Dans sa révision du dossier, l’Agence Européenne du Médicament a finalement évalué que le rapport bénéfice/risque du Lequembi était favorable, malgré les effets secondaires possibles décrits plus haut. Elle a cependant émis certaines restrictions d’utilisation à un public ciblé de patients Alzheimer dans le but d’obtenir une efficacité optimale avec le moins de risques possibles d’effets secondaires. Comme le précise le communiqué de la Fondation Vaincre Alzheimer concernant l’autorisation du Lequembi sur le marché européen, l’Agence Européenne du Médicament a recommandé l’administration de ce traitement à un public ciblé de patients : “Ce médicament est recommandé pour les patients atteints d’Alzheimer à un stade débutant qui ne sont pas porteurs du gène de l’apolipoprotéine E4. Il s’agit d’un facteur de risque génétique majeur de la maladie d’Alzheimer qui peut influer sur l’apparition d’effets secondaires non négligeables lorsque le patient est sous traitement.”
Par ailleurs, l’administration du Lequembi devra faire l’objet d’une surveillance régulière par IRM de la part de professionnels qualifiés, afin de contrôler la survenue d’éventuels ARIA.
Comment bénéficier du Lequembi en France ?

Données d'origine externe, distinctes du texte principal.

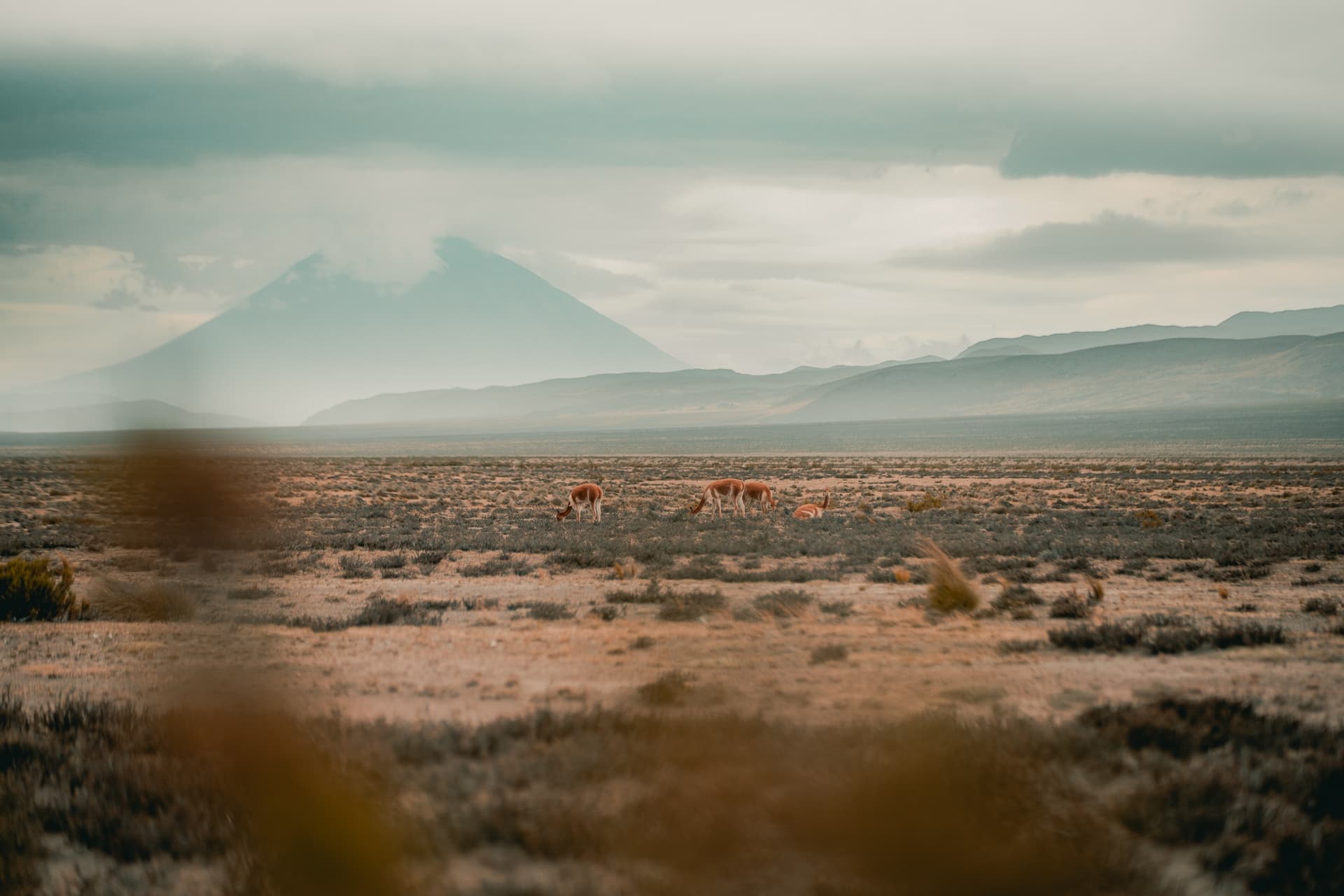 Pampa Cañahuas National Reserve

L’autorisation de commercialisation du Lequembi par l’EMA pose évidemment la question de son utilisation en France. Sur la base de l’avis positif reçu, Eisai a prévu de demander un accès précoce à la Haute Autorité de Santé (HAS), sur la base duquel le Lequembi pourra être accessible aux patients français dans un avenir proche. Il restera probablement à déterminer la question du coût du médicament et de son éventuel remboursement par l’Assurance Maladie. Pour rappel, le prix du Leqembi aux Etats-Unis a été fixé à 26 500 $ par an et par malade, avec une prise en charge à 80% par Medicare, la couverture de santé américaine.
La mise sur le marché de ce médicament va également nécessiter une adaptation du parcours de soins, avec un accent particulier sur le diagnostic précoce. Très active dans la recherche pour la lutte contre la maladie d’Alzheimer, la Fondation Vaincre Alzheimer a investi ces dernières années sur des projets très innovants dans le domaine du diagnostic précoce. La Fondation a également joué un rôle important pour favoriser l’accès aux immunothérapies précoces en Europe.